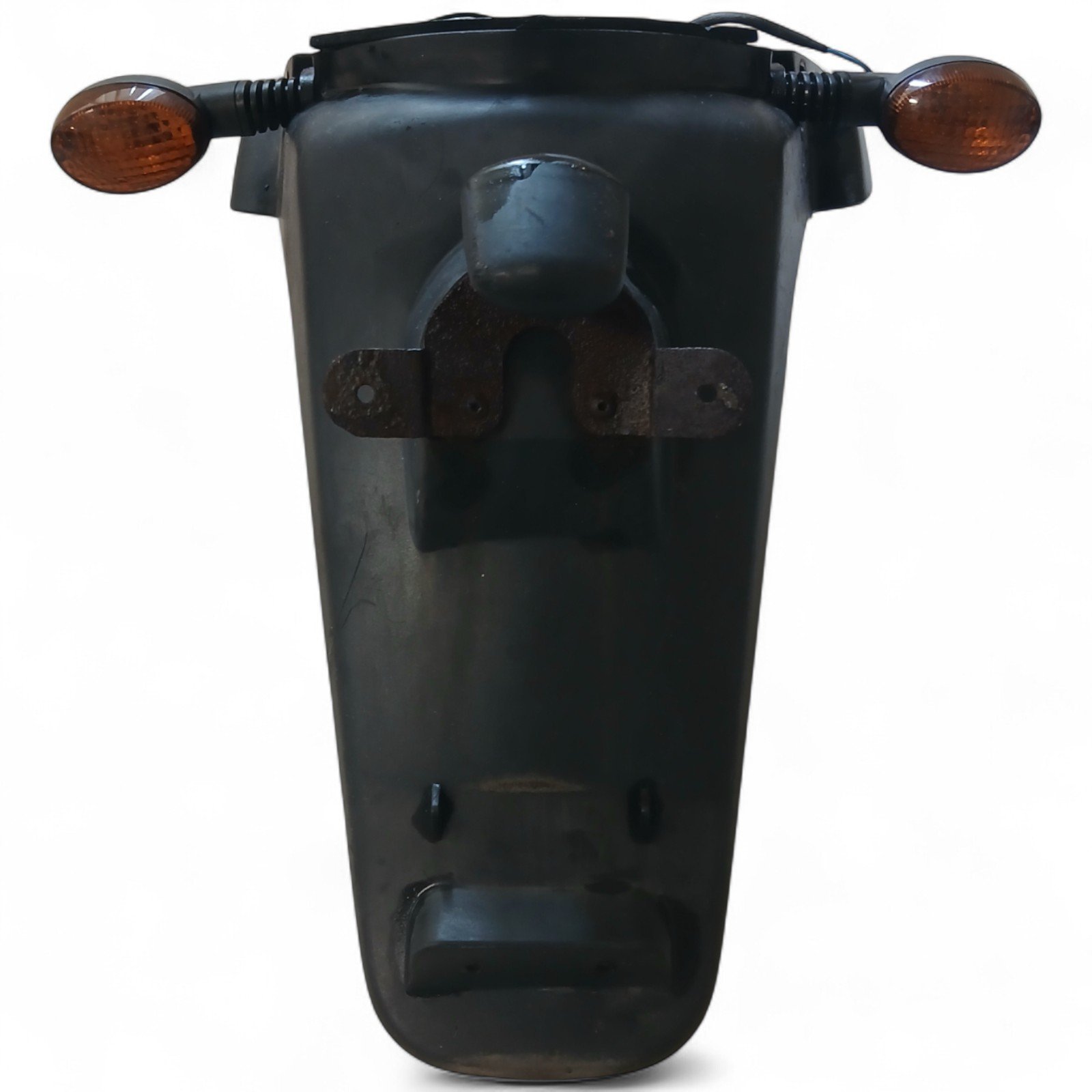 16425_2028129.jpg Yamaha XQ 125 125 2002 Rear Mudguard and Indicators OEM 5HT-F1642 - Image 1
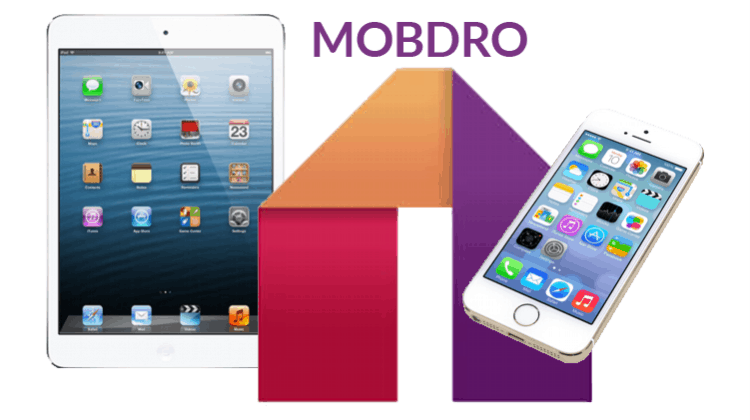 How to install Mobdro on iPhone or iPad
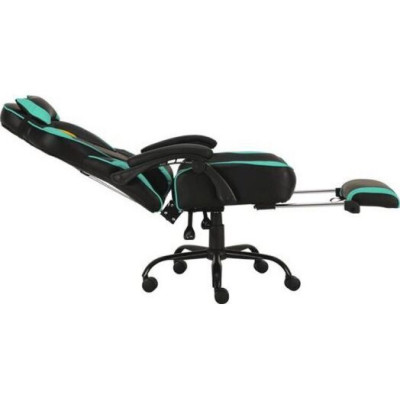 GT Racer X-2748 Black/Mint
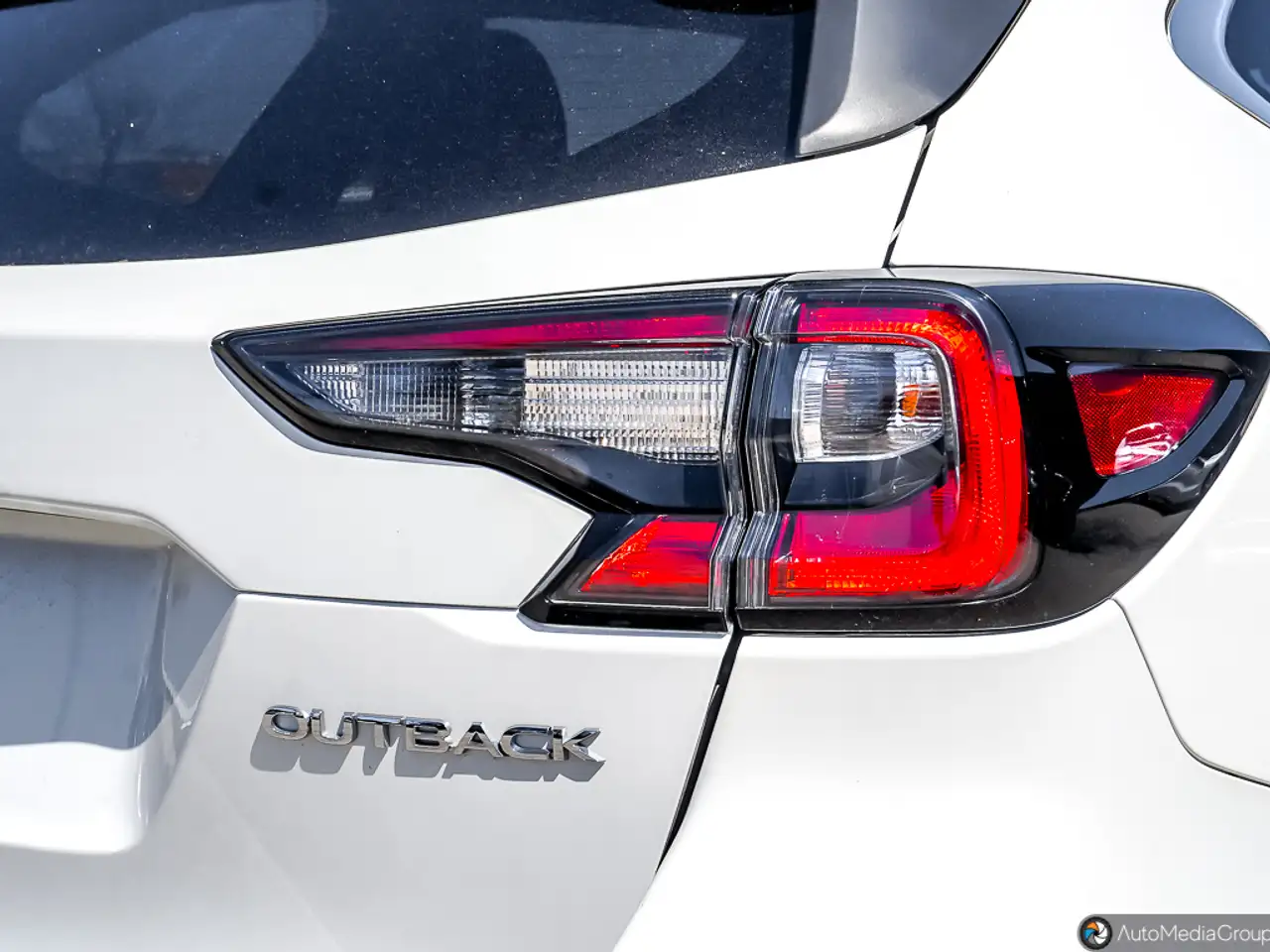 Subaru OUTBACK снимка Subaru OUTBACK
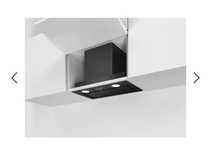 Okap szafkowy Electrolux LFG716R  Hob2Hood 700 czarny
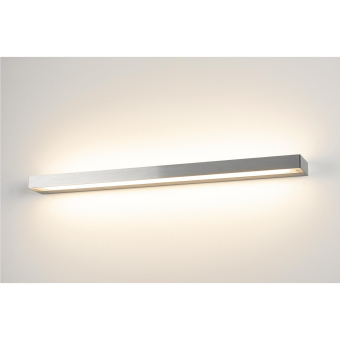 SLV SEDO LED 21 Wandleuchte eckig 151796 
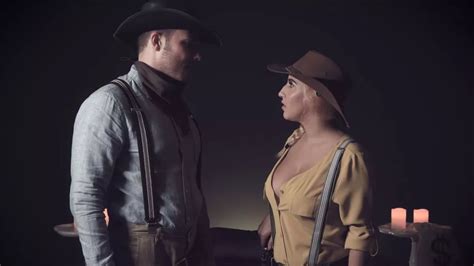 Red Dead Redemption 2 Gets A Saucy Porn Parody To Satisfy Demand Mirror Online
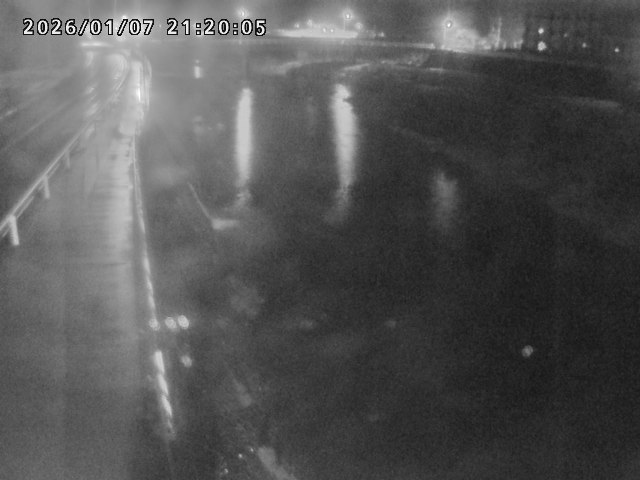 日野川４2026/01/07 22:30:00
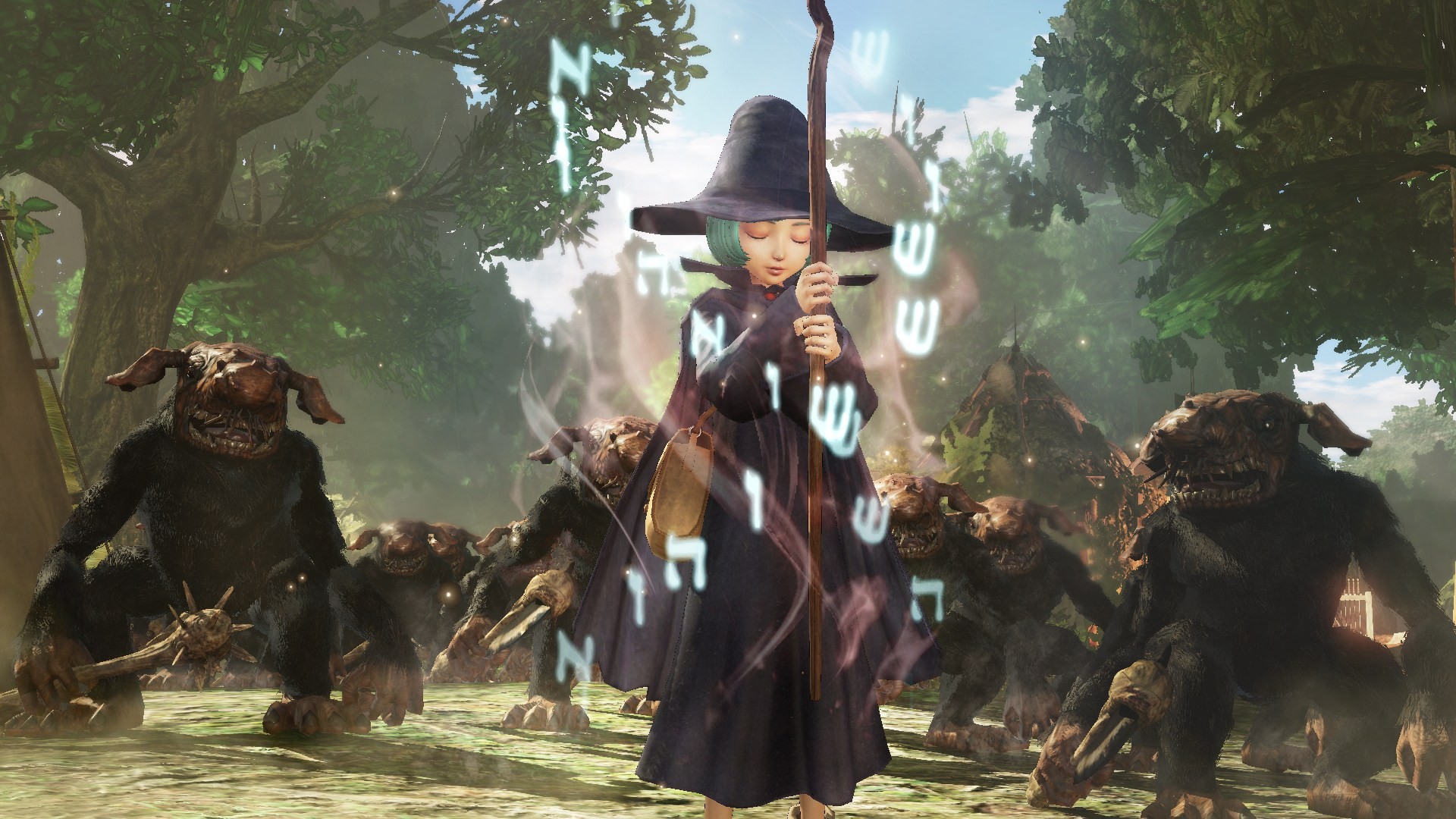 Berserk and the Band of the Hawk - Imagen 17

What you are asked to do.
Each line from the one holding "日野川４2026/01/07 22:30:00" through the last line of the records above must be duplicated exactly, and pictures must not be.

Written answer.
 日野川４2026/01/07 22:30:00
 Berserk and the Band of the Hawk - Imagen 17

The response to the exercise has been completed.